# WHAT THE TASK REQUIRES:
Answer with one number only, the count of lines in the material below that hold "this".

# DATA TO USE:
*****

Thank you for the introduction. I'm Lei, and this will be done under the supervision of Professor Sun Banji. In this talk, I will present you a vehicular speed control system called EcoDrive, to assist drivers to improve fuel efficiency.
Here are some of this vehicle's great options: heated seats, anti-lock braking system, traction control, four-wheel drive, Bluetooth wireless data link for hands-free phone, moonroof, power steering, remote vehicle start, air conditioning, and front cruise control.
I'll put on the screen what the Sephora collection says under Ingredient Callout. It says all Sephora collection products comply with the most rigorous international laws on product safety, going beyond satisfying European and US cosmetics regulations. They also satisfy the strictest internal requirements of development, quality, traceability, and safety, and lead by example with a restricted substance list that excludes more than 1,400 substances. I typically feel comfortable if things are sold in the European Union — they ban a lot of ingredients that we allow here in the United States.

*****

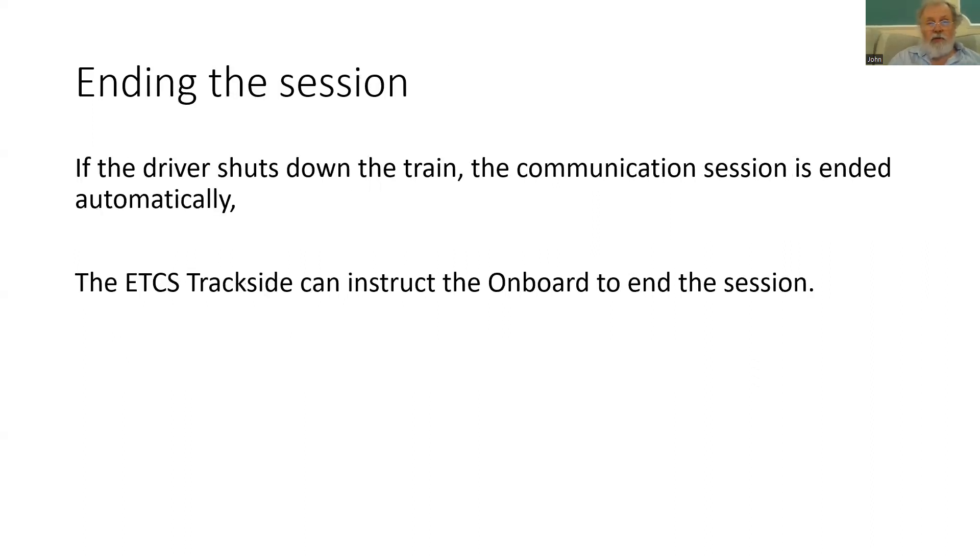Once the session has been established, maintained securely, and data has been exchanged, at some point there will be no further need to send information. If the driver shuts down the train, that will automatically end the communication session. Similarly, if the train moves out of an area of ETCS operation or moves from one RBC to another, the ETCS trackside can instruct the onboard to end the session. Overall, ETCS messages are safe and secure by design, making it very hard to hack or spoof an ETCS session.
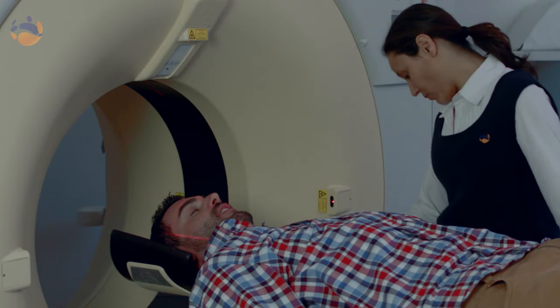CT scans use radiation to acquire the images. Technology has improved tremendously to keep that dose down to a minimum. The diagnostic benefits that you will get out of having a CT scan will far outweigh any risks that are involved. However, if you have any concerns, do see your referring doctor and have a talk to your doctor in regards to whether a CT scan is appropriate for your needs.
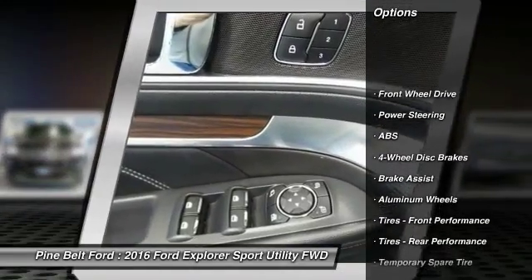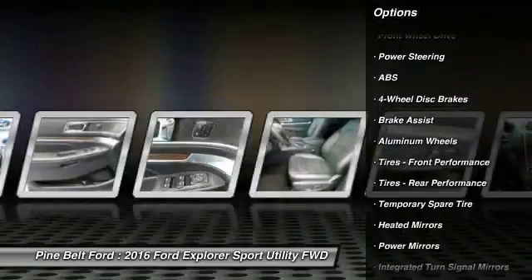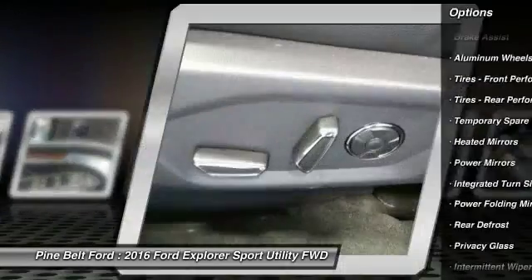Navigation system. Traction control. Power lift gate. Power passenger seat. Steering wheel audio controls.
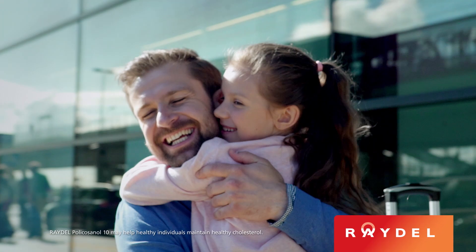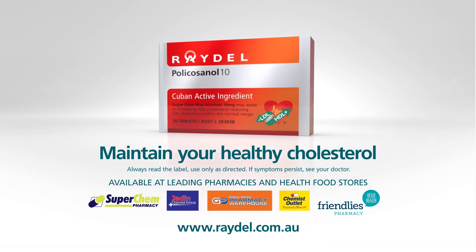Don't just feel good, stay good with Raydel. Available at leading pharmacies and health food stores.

*****

# EXPECTED ANSWER:
2